Senate Rejects School Voucher Amendment

March 25, 2013

As you might have heard, the United States Senate this past weekend conducted a 13-hour voting session during which it considered dozens of proposed amendments to the 2014 Senate Budget Resolution (S. Con. Res. 8).

The session, commonly referred to as a “vote-a-rama,” began Friday around 4 p.m., and ended Saturday around 5 a.m. The Senate weighed in on 70 amendments before finally passing its first budget in four years. 

Three of the more than 400 proposed amendments concerned federal school voucher or similar programs that would allow taxpayer dollars intended for the public school system to support private and religious schools: Amendment #515, sponsored by Sen. Lamar Alexander (R-TN); Amendment #290, sponsored by Sen. Marco Rubio (R-FL); and Amendment #201, sponsored by Sen. Ted Cruz (R-TX). 

The Center for Inquiry (CFI) was well aware of these efforts, and joined the National Coalition for Public Education (NCPE) last week in writing every senator to vote down these or any similar last-second amendments. We followed up those letters with calls to every senator’s office. 

We also urged our members to contact their senators and tell them to vote “no” on any voucher amendments. 

Today, I am glad to report that the Senate considered only one of the three proposed school voucher amendments, Amendment #515, which it soundly rejected by a vote of 60-39. 

The reason the Senate considered only one of the three proposed voucher amendments is likely the result of the first vote. Sixty represented a significant number of votes against in a session where most of the votes were much closer, for example, 50 to 49 or 54 to 45.
I am also glad to report that Sen.

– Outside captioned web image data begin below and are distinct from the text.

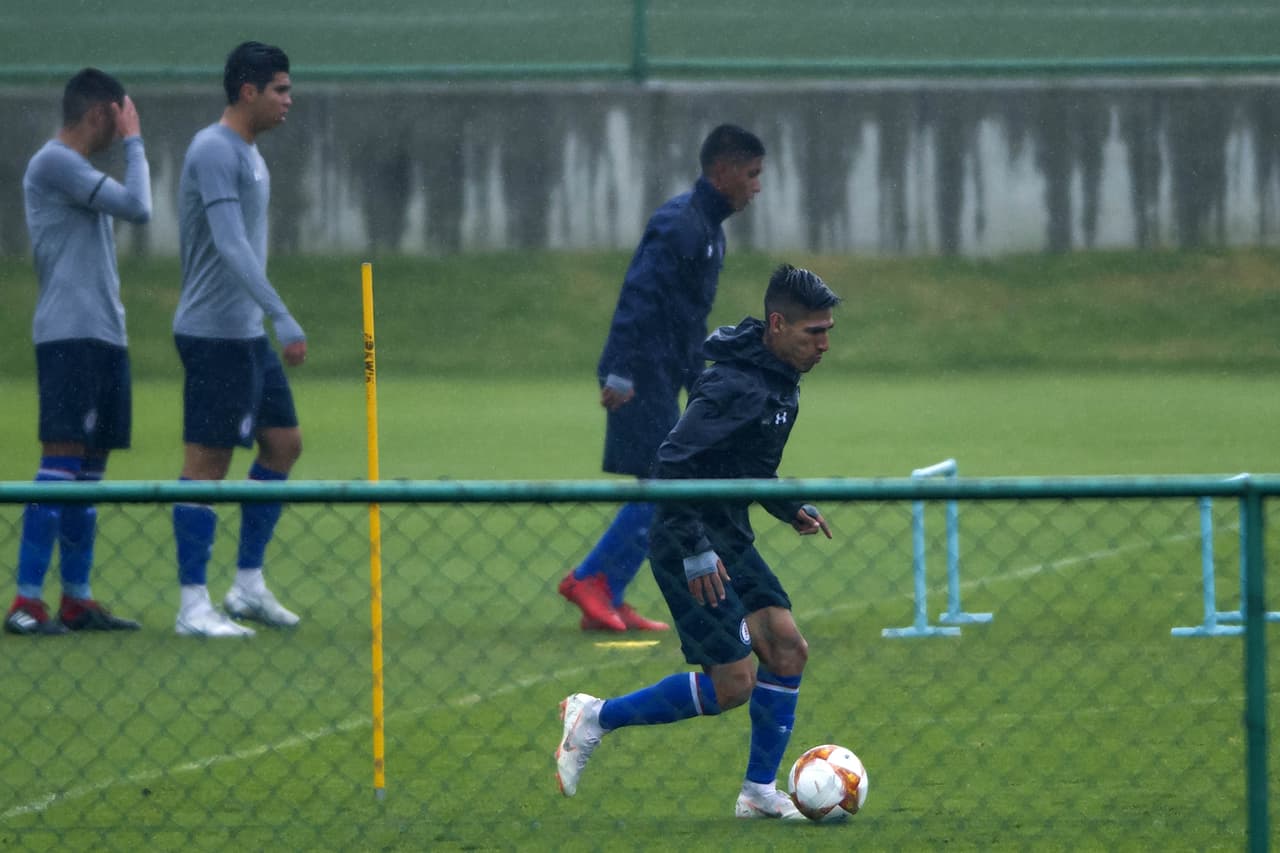 Cruz Azul no se detiene en medio del receso por los partidos de la fecha FIFA y ni la lluvia es motivo para que 
<i>La Máquina</i> se ajuste con miras a los retos de la Liguilla y su camino al título.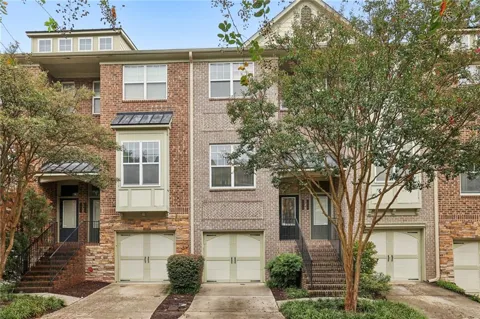 1972 Cobblestone Circle NE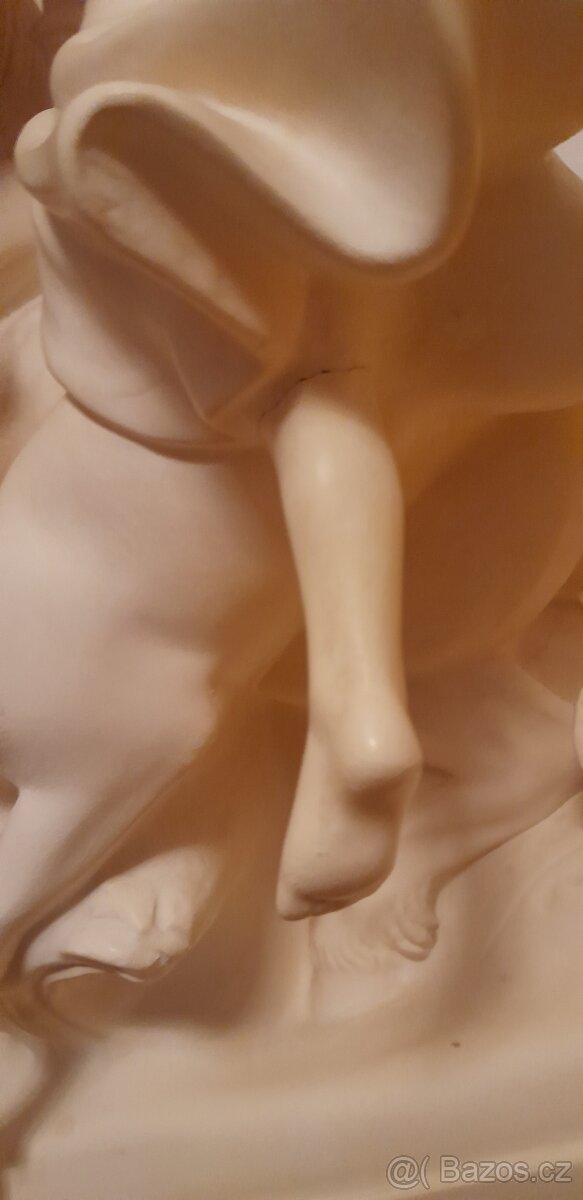 Socha Toman a Lesní panna - 2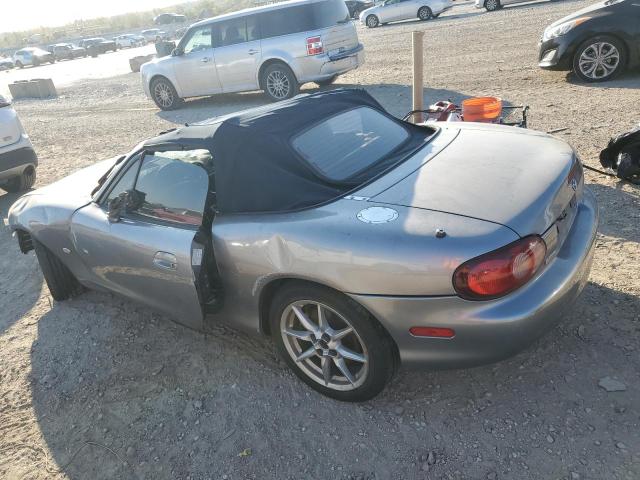 JM1NB353830306632 - 2003 MAZDA MX-5 MIATA BASE GRAY photo 2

Tom Harkin (D-IA) — a Roman Catholic who delivered a video address at the Reason Rally — spoke out against the measure during floor debate. 
This result is at least partially a consequence of the collective efforts of the member organizations of the NCPE, and the thousands of people who filled out action alerts and contacted their senators.
A win for secularism: the perfect start to the work week.